Just about any type of fruit such as apples, watermelon, cantaloupe and they love yogurt too. 

They're big fans of meat too but I don't give them much of it. Their dogfood is salmon.


----------



## goldenbella5 (Jun 15, 2012)

Any OTHER food but hers she's crazy about. Don't get me wrong she loves her food, but I've tried training her with it and she's not that interested. Probably the fact she gets it twice a day - everyday..... 
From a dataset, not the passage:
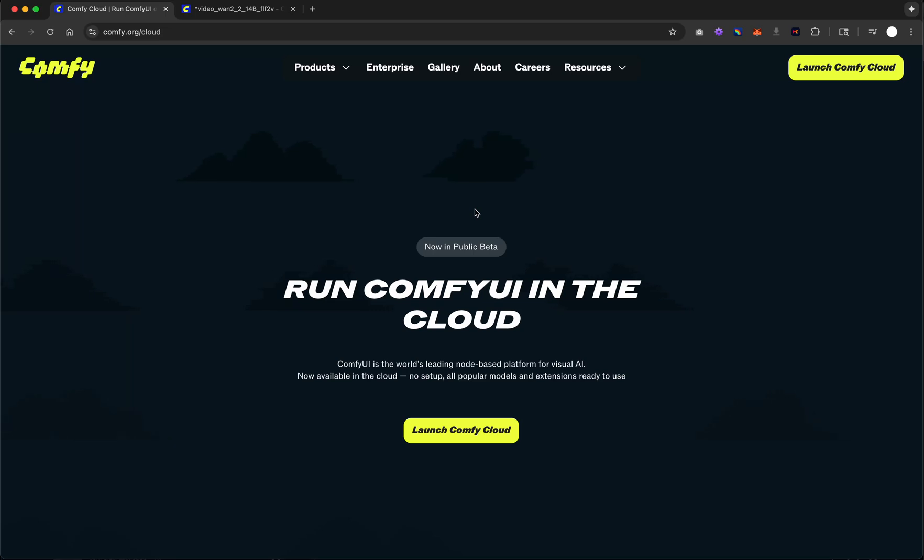This week, the makers of ComfyUI released their own RunComfy competitor, which is called ComfyUI in the cloud.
The only food she's turned her nose up to was some "messed up" fish. Literally her face was like "Really mom? You want me to eat THAT slop?? :yuck:" 
Meh, I can agree with her. 

Veggies and fruits she WILL NOT eat! :no: I guess it's because they're _healthy_! YUCK! :yuck:


----------



## maggiesmommy (Feb 23, 2010)

Mint...Maggie goes crazy for anything minty.


----------



## OutWest (Oct 6, 2011)

Gotta add tripe...blech! And cheese. 

And anything edible that the foolish humans leave on a counter.... Flour, dried spaghetti and pasta, bread, cherries, butter, crackers especially cheese crackers, apples, the list goes on.


----------



## Ivyacres (Jun 3, 2011)

Honey's most favorite is bacon, real bacon, bacon flavored treats...she's like the dog in the commercial (I'd get it myself but I don't have thumbs). She loves most people food, dog and cat food so it is easier to say she doesn't like celery.


----------



## goldensrbest (Dec 20, 2007)

I have not found anything my goldens don't want to eat.


----------



## itried (Jan 6, 2013)

This dog goes crazy for veggies!


----------



## USAFWife74 (Jan 13, 2013)

Ellie loves everything, even spinach! But bananas really seem to get her tail going! 
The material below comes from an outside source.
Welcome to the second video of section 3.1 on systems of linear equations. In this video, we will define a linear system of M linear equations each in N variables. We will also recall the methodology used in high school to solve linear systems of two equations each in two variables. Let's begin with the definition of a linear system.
Sent from Petguide.com Free App


----------



## Hina (May 31, 2013)

I found out that our 5 month old loves pure pumpkin (canned) and kong "cheese". It's amazing what she would do for the kong treats


----------



## CStrong73 (Jun 11, 2012)

maggiesmommy said:


> Mint...Maggie goes crazy for anything minty.


If I can find my dog treat cookbook, I have a recipe for doggie "breath mint" treats. LOL! They have lots of fresh mint and parsley in them. Rocket loved them....and they actually did seem to help with the breath!

I really need to find that cookbook....I bought all kinds of special ingredients, and now can't find the book. :doh:

The only things I've found Rocket doesn't particularly care for are raw mushrooms. Other than that, he's loved everything I've given him, including fruits and veggies. But he particularly loves steak and bacon.


----------



## Door (Apr 2, 2010)

I wanted to vote for cheese and was surprised when it wasn't on the original list. My dog responds highly to cheese when it use it for training. I use it in the can and those chedder cheese sticks. Works really well. Many people in my training club use cheese. My best "jackpot" is dried lamb's lung, but I use that sparingly because my dog thinks of it as a "high value" reward. In other words, cheese is by best staple up from Bil-Jacs.


----------



## Sam Hill (Jan 20, 2012)

I was happy when Jaxx lost his taste for eating his stool


----------



## Yuki (Oct 5, 2011)

Yuki loves almost everything. he loves cheese, peanut butter, yogurt, liver, chicken jerky, greens, veggies and fruits. he goes bananas when he sees bananas lmao. he doesnt like lemons. he used to steal cat food :doh:

everyday he comes over while we are preparing food and he asks for his share.


----------



## Hina (May 31, 2013)

Hi Door, I haven't used cheese. Is this people cheese? We've only used kong stuff'n in a can.


----------